Isaac Asimov, nella trilogia galattica che
ha scritto poco più che ventenne, sottintende addirittura un intero impero
interstellare che si evolve in centinaia di anni, quasi senza descriverlo
affatto, ma facendo trovare il lettore stesso al suo interno dando per scontate
ambientazioni e invenzioni straordinarie, futuristici modi di fare e perfino
immaginarie (ma reali nel romanzo) vicende storiche, e questi si muove comunque
agevolmente tra regni e pianeti e astronavi avendo ben chiaro il disegno complessivo.
Ce ne sarebbero molti altri, ma con un po’ di
narcisismo mi metto in mezzo io stesso: nel primo romanzo che ho pubblicato ho
adoperato la tecnica dell’ellisse nel descrivere il momento immediatamente
precedente una devastante scossa di terremoto. Ecco il brano: “Né Kappa col suo istinto lupesco, né Matilde
con la sua preveggenza felina ne ebbero sentore. Tantomeno io, che me ne stavo
steso sul divano letto intento a scoprire con stupore che come nuovo presidente
degli Stati Uniti era stato appena nominato Jack Ryan. Dapprima cominciò con il
boato…” eccetera.
Nella frase (sott)intendevo
dire che nel momento di cui si sta parlando l’io narrante del romanzo era intento
a leggere il romanzo Debito d’onore
di Tom Clancy, al termine del quale
il protagonista seriale dei romanzi dell’autore statunitense finisce dopo una
serie di peripezie con l’essere nominato Presidente degli Stati Uniti
d’America. Ora, chi tra i lettori del mio romanzo ha letto quel libro si sarà
gustato la citazione e avrà capito cosa stava facendo il personaggio principale
in quel momento; chi invece non conosce quel libro avrà forse capito lo stato
d’animo del narrante da quel “con stupore”,
e magari è possibile che gli sia venuto il desiderio di andare a documentarsi
per capire a chi mi riferivo nominando un Jack
Ryan che nella realtà non è mai figurato tra i Presidenti degli USA. E per quelli
ai quali la curiosità non fosse venuta… be’, pace, mentre scrivevo mi stavo
rivolgendo al mio lettore ideale (e
non starò qui a specificare la differenza tra lettore ideale e lettore
empirico, andate a riguardarvi Umberto
Eco), o, detta in maniera diversa, a me andava di rappresentare quella situazione in quel modo.
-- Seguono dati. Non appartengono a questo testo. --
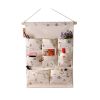 8-Pockets Zakka Wall Door Hanging Storage Magazine Organizer Bag, Sailing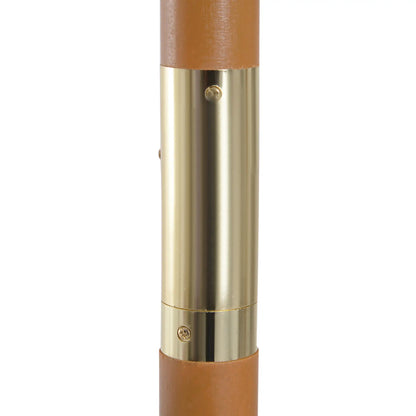 10' x 8' Bamboo Round Patio Umbrella, White Sun Umbrellas at Gallery Canada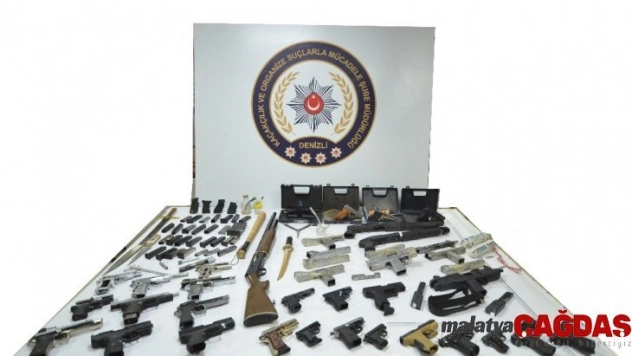 Denizli'de kaçak silah imalathanesine baskın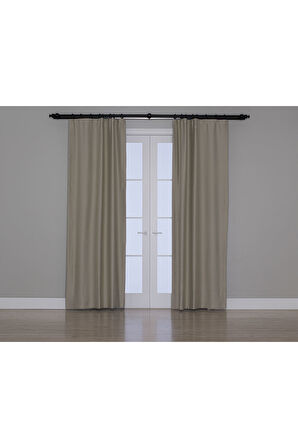 Gauze Fabric Design Blackout AÇIK GRI KARARTMA ÖZELLİKLİ FON PERDE 200 x 260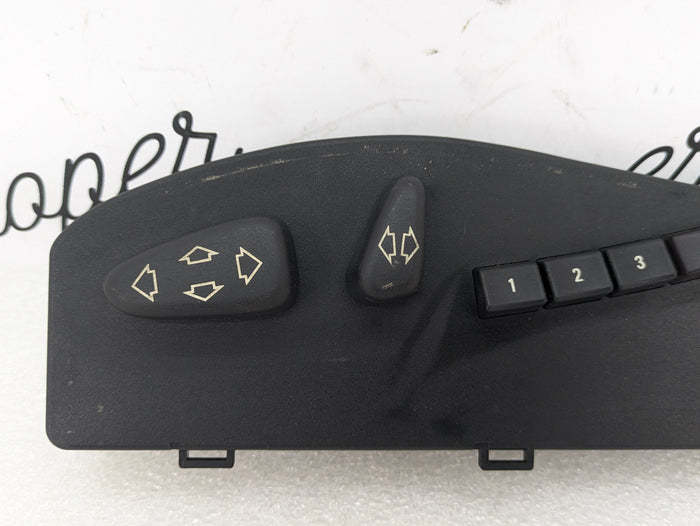 BMW E46 M3 330ci 328ci 325ci 323ci 320i Driver Left Power Seat Adjustment Control Switch Panel 8263133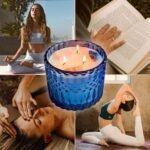 14oz Healing Crystal Candle with Citrine, Lapis Lazuli, Clear Quartz for Optimism & Abundance. - Image 7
Come ho già scritto in un post
di qualche giorno fa, alcuni autori invece esagerano nel fornire indicazioni,
presumendo a torto che tutti i lettori siano cretini o ignoranti. Nel post mi riferivo al brano in cui Guillaume Musso, nel suo La ragazza di carta, fa pensare al
protagonista che è anche l’io narrante del libro: “Ho voglia di ascoltare Kind of
Blue, il capolavoro di Miles Davis”.
Questa specificazione dell’autore, così come l’affermare che quel disco è un
capolavoro, anche se pura verità è uno stucchevole pleonasmo, per di più pure
irreale perché nessuno, nell’atto di svolgere un’azione, rammenta a se stesso
tutti i particolari di cose già acquisite.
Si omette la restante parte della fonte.